After the accident, Julia had said to me, “I won’t be able to go camping again if you’re not there too.” These words touched me strangely. I had looked at the sorry, unsuccored estate of our family and felt that our lives were dim and disfigured, good for nothing. Instead, she saw me as a ministering presence, someone with healing to spare. “There are many things,” Oscar Romero said, “that can only be seen through eyes that have cried.”

I began to realize that wounded-healer moments beset me continually; they were darts and arrows of love shot into my life. It was like the Lord had lavish tricks up his sleeve and wasn’t above showing off.

My friends knew that I was heartbroken and regularly missing work for emergencies and appointments, but they kept calling to talk through their griefs and insecurities. “You might not have time,” one friend in ministry would say, “but I could really use some Wendy Wisdom.” Mothers told me their problems and dashed away salt drops as I listened. Young women sent me late-night messages or wistfully sidled up to me after church to talk.

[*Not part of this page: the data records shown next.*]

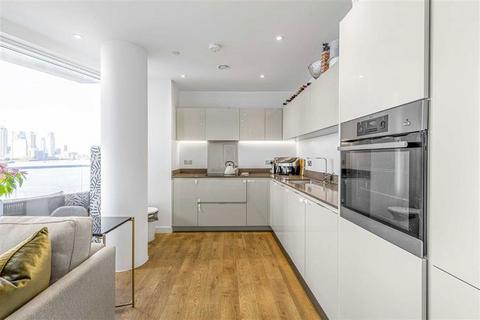 3 bedroom flat to rent, Harrison Walk, London SE10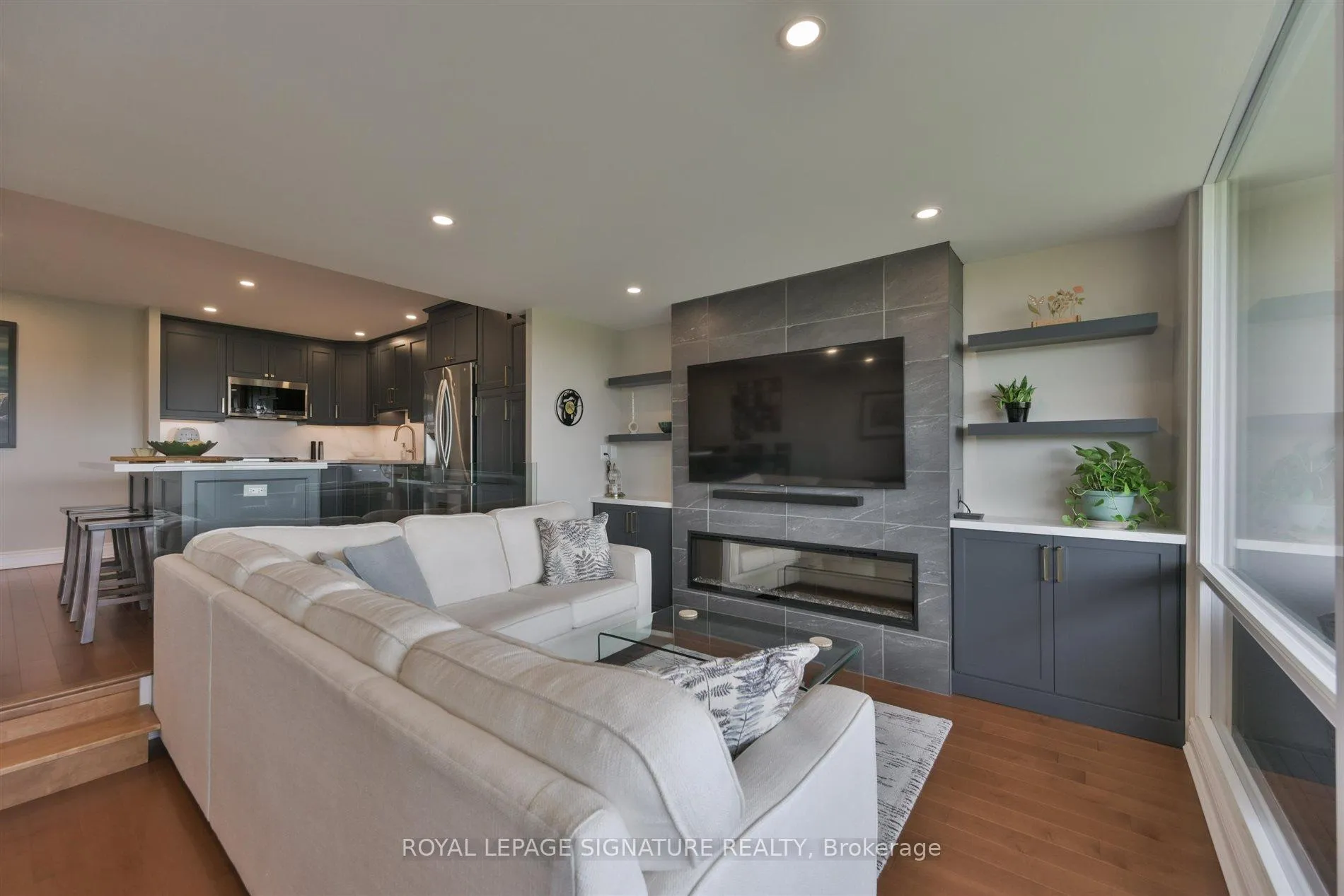 Photo 18 of Unit 912, 240 Scarlett Road, Toronto, Rockcliffe-Smythe — HOMEH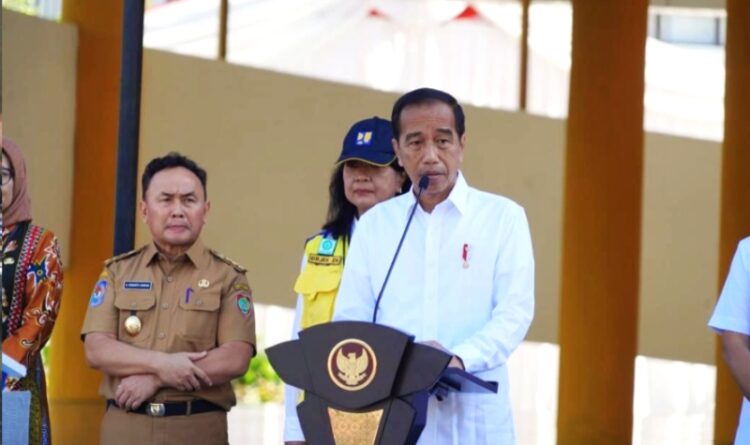 Jokowi Resmikan Bangunan Sarpras Pendidikan di Kalteng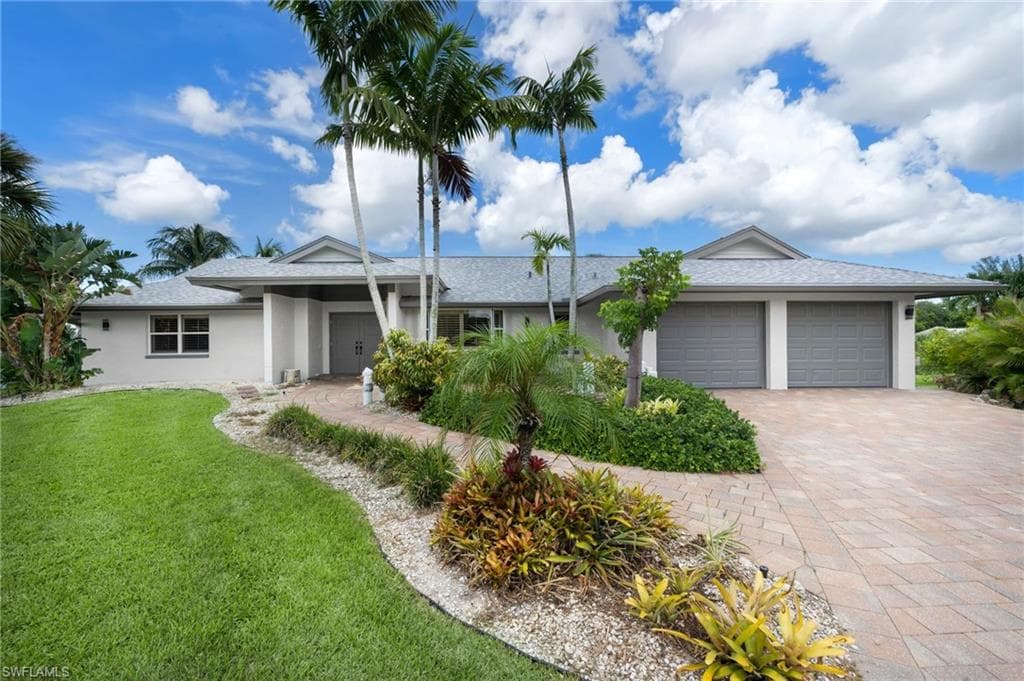 2341 Mayfield Ct 8, Naples, FL 34105-31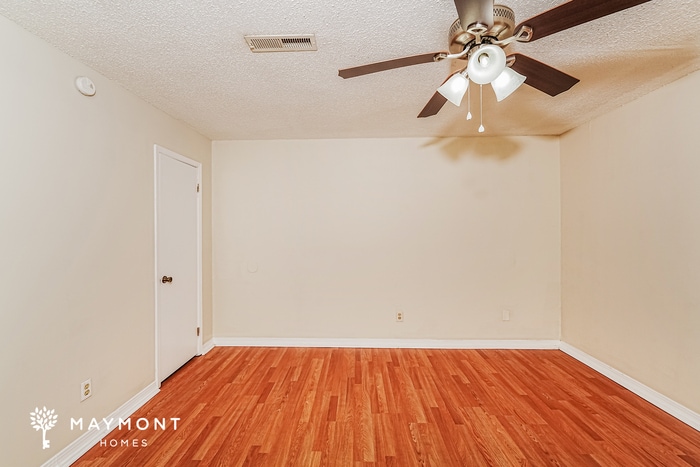 Building Photo - 732 Spring St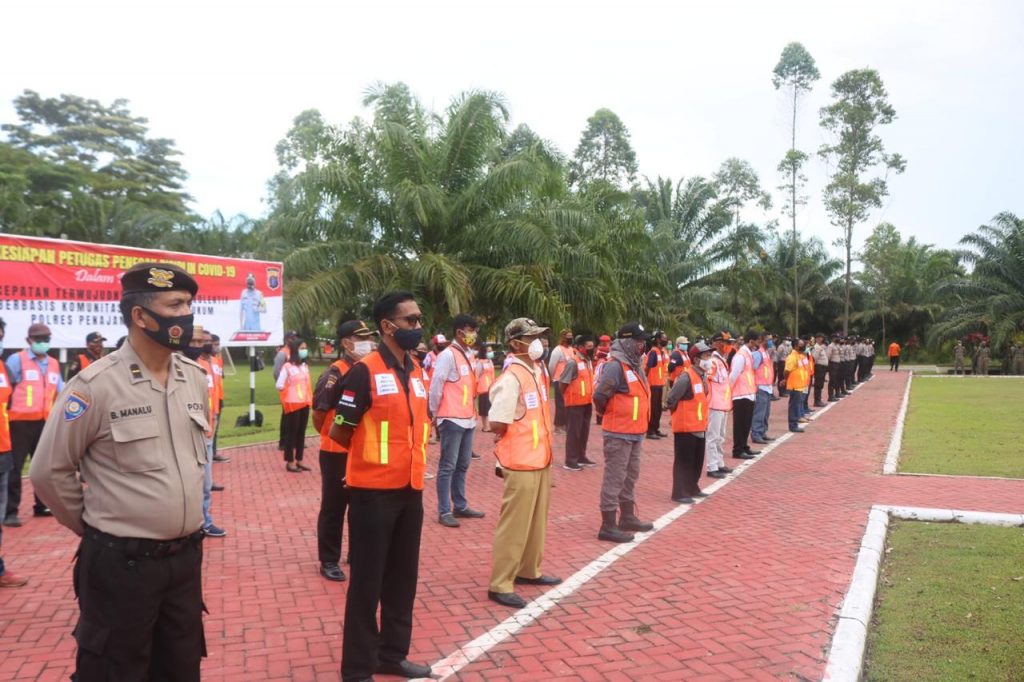 Polres PPU Gelar Apel Kesiapan Petugas Penegak Disiplin Covid-19 WhatsApp Image 2020 09 21 at 15.24.39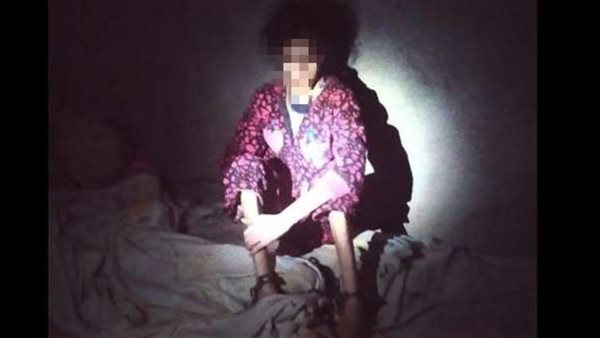 الطفلة المحبوسة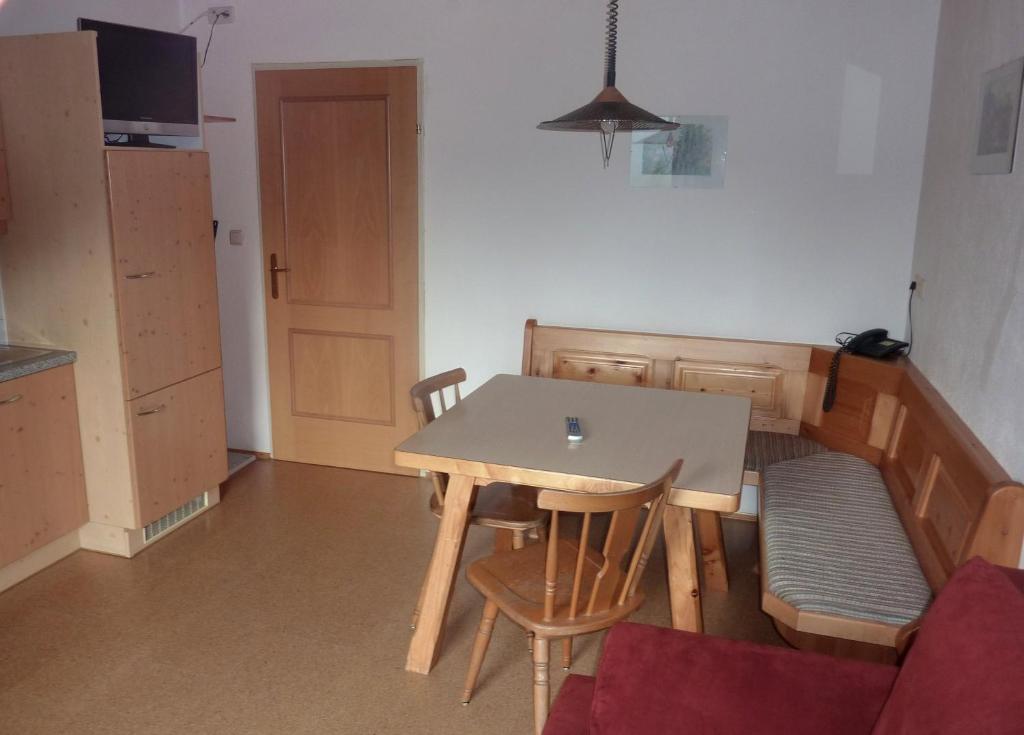 Appartement-Pension Familie Gewessler Bad Mitterndorf Exteriör bild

Strangers crossed my path, blooming under my attention.

At the end of that summer, I canceled a visit to my best friend because I couldn’t find anyone who could safely supervise my children. I felt stuck at home, disappointed and full of dread. I happened to call a neighbor, curious about her house hunt. She told me that her family of seven was moving the next day; the truck would arrive in the morning.

“Who is helping you move?” I asked.

“No one,” she said, “I’ve been too busy to ask people.”

“Can I and my three teenagers come and help?” I offered. We boxed their belongings, packed the truck, and directed the younger kids for the next two days. I had prayed for a certain kind of rescue, but, rescueless, glimpsed instead the suffering heart of Jesus and a sacred chance to minister to others. Perhaps I could say, like C. S. Lewis’s Queen Orual in Till We Have Faces, “I know now, Lord, why you utter no answer. You are yourself the answer.”

A few weeks later, I reached for my Bible and ran my fingers over the puckered pages. To whom else could I go? The Lord has the words of eternal life, and I’m a complete sucker for him.

Wendy Kiyomi is an adoptive parent, scientist, and writer in Tacoma, Washington, whose work on faith, adoption, and friendship has appeared in Plough Quarterly, Image Journal, and The Englewood Review of Books. She is a 2023 winner of the Zenger Prize.